Ao analisarem as tatuagens nas academias de musculação, os pesquisadores César Sabino e Madel Luz classificaram os tipos de desenhos em cada um dos três gêneros: feminino, masculino e unissex. As mulheres tatuam com frequência determinadas figuras, como flores, estrelas, borboletas, lua, sol, personagens femininas de histórias em quadrinhos, beija-flores, gatos e fadas.
 
Já os homens carregam em seus corpos reproduções pictóricas de águias, cruzes, panteras, tigres, dragões, demônios, caveiras, armas, arame farpado, sereias, mulheres nuas, tubarões, esqueletos com foice e capuz e, principalmente, cães da raça pitbull.
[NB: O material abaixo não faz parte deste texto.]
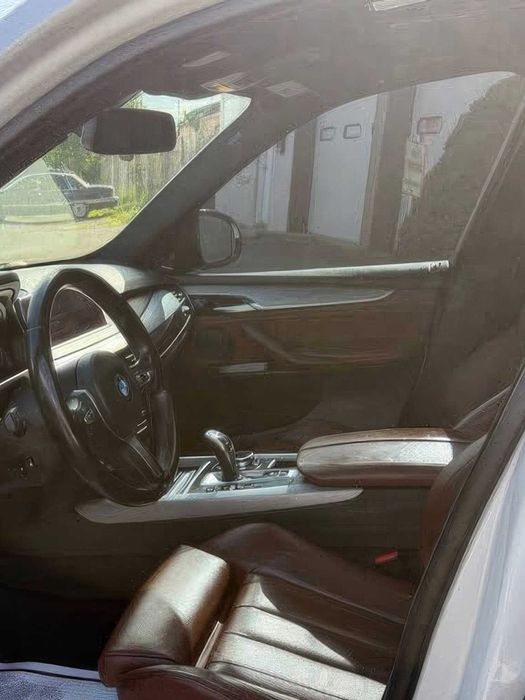 BMW X5 Xdrive35D      2014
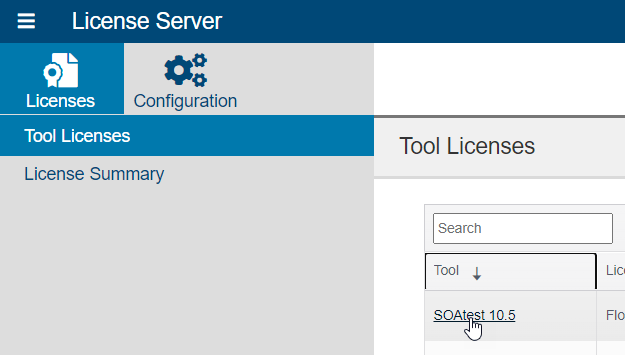 Viewing License Summary Parasoft License Server 2022 2 Parasoft - HD Dark Photos for Desktop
Tanto homens quanto mulheres tatuam ideogramas, desenhos tribais, palavras e frases em letras góticas, símbolos da computação, códigos de barra, corações e figuras mitológicas.
 
Quanto à identidade de gênero, a tatuagem distingue o homem da mulher por seus atributos psicológicos e emocionais. A tatuagem de um animal selvagem no braço de um homem dá a ele aspectos masculinos, como força, destruição, descontrole, agressividade e violência; enquanto tatuar na pele de uma mulher borboletas, flores, estrelas e animais domésticos ou inofensivos (gatos, beija-flores, etc.), entre outras figuras, confere-lhe qualidades femininas, como delicadeza, inocência, sensibilidade, charme, beleza e sedução.
 
A tatuagem traz para o indivíduo a expressão particular e intransferível de suas sensações e da constituição de identidades absolutamente singulares, que também difundem o elogio da diferenciação pessoal em meio a um contexto dominado por uma lógica indiferenciada e impessoal. Além de servir de “arena gráfica” para os indivíduos que nele se tatuam, o corpo se transforma em um ambiente favorável de um processo de diferenciação e individualização.